News of the Weird by Chuck Shepherd

By News of the Weird by Chuck Shepherd

Published May 20, 2016

Disciplined for saving a life |   Recreating Alamo in India
Once again, public service personnel were disciplined for violating rules even though perhaps saving a life. In March, a captain and a sergeant in the Falmouth Volunteer Fire Department near Fredericksburg, Virginia, were suspended for rushing an infant girl (who was having a seizure) to the hospital in their fire engine despite rules requiring that they wait for an ambulance (which they ascertained was still 10 to 15 minutes away). The firefighters administered oxygen and delivered the girl safely to the ER 13 minutes after the 911 call, though she had suffered another seizure in the hospital's parking lot. Said the grateful father, "My wife and I feel terrible for the fallout ... to these two gentlemen." [WTTG-TV (Washington, D.C.), 3-6-2016]

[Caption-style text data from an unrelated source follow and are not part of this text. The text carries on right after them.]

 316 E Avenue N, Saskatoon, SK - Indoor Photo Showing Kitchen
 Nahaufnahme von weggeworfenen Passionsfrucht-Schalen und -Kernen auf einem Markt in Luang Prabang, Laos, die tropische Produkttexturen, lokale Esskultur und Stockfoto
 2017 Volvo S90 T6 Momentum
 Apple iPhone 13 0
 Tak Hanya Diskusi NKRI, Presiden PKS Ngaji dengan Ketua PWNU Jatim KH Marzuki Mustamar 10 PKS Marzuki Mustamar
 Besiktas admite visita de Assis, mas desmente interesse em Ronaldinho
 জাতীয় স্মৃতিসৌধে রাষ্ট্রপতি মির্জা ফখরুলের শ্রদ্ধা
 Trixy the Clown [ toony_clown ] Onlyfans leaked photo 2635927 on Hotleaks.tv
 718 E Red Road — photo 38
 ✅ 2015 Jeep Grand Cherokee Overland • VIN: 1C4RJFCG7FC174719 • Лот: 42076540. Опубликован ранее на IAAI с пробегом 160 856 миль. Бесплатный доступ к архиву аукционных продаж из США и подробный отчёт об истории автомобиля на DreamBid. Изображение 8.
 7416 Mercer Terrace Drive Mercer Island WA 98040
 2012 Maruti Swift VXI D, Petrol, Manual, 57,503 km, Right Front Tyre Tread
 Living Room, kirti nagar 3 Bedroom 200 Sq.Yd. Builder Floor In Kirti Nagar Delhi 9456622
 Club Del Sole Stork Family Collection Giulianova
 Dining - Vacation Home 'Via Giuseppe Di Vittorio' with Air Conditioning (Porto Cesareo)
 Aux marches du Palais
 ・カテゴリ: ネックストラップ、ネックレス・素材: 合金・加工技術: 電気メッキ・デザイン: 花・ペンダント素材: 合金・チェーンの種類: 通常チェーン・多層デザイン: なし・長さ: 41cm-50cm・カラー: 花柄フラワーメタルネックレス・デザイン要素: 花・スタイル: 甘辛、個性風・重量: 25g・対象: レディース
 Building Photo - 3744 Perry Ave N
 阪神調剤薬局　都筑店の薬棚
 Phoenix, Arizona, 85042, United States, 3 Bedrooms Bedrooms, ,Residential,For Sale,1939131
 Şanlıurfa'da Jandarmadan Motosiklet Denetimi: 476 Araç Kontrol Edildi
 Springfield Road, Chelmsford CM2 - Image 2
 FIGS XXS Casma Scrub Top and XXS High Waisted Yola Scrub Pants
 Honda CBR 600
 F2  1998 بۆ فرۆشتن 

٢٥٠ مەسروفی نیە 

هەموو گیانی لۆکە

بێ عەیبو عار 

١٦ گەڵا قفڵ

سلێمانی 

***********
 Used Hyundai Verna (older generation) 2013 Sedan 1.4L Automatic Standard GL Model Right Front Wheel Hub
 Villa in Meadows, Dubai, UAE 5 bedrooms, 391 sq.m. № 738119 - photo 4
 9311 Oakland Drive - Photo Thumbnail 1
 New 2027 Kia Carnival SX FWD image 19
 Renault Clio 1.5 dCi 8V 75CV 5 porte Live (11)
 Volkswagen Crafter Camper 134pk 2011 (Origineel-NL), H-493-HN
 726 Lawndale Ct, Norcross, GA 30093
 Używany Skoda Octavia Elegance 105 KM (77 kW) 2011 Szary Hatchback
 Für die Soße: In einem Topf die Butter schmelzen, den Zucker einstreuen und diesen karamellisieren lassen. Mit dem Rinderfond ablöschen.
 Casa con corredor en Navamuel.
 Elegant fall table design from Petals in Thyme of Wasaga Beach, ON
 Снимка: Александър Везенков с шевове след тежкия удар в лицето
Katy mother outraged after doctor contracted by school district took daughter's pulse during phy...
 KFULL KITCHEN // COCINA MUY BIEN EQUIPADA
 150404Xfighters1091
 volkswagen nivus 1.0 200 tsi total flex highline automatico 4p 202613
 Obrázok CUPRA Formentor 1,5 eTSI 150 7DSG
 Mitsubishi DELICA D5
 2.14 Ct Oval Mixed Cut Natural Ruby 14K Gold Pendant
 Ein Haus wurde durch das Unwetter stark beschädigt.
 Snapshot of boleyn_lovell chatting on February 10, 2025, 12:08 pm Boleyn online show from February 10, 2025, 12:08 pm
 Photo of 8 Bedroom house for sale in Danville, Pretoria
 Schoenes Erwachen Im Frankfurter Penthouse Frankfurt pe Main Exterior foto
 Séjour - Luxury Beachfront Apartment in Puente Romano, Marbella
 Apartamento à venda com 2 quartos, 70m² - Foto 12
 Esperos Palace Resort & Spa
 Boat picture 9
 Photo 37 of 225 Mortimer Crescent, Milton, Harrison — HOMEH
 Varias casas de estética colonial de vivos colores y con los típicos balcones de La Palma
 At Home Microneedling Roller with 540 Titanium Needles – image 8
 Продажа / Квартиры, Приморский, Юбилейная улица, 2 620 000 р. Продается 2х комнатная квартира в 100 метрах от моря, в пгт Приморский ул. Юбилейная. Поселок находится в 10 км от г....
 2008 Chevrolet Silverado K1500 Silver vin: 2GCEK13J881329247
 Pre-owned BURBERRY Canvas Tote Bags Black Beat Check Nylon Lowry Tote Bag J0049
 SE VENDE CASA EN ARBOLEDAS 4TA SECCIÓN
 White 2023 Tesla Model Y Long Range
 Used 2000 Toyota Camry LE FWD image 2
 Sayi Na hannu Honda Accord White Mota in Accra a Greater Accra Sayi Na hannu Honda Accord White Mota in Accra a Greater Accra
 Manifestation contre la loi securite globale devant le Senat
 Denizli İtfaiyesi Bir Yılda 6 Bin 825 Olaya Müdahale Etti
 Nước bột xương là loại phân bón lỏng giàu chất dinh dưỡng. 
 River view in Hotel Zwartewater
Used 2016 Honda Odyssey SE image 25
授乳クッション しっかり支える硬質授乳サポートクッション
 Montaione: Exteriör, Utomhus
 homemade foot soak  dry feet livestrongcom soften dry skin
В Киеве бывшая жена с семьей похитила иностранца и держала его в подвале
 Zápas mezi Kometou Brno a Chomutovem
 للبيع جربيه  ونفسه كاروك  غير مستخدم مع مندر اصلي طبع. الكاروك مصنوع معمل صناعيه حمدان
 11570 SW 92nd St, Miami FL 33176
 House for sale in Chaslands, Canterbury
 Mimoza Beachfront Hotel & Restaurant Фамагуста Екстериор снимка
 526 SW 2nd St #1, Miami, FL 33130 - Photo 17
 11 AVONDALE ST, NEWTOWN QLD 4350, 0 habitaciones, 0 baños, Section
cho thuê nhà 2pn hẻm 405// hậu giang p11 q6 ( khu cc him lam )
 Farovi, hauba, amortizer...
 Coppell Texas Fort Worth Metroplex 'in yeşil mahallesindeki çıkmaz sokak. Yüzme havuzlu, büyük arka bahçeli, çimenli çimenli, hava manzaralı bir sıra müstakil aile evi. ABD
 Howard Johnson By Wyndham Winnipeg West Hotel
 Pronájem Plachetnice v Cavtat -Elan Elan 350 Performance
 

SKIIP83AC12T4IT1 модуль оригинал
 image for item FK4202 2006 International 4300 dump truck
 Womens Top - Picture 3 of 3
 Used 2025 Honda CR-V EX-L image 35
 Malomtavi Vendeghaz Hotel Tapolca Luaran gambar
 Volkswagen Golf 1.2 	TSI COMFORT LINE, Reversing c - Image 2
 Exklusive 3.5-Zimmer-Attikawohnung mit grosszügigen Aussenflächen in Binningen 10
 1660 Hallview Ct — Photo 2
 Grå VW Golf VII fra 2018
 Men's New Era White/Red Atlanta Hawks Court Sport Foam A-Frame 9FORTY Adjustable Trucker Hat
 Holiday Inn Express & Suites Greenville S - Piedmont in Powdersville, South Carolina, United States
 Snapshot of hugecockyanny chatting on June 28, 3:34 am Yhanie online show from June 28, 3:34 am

India (especially in Bihar state) has been plagued by legendary school-cheating scandals -- with parents last year even seemingly re-creating the scene of the siege of the Alamo by using tall ladders en masse to climb the walls of a testing center to pass cheat sheets to students. In February, on recruiting day for prestigious army jobs in Bihar, wary officials administered written tests in a field with all aspirants sitting cross-legged and clad only in underpants, balancing exam papers on their thighs. Officials thus avoided needing to frisk the large number of applicants. [Agence France-Presse via The Guardian (London), 3-1-2016]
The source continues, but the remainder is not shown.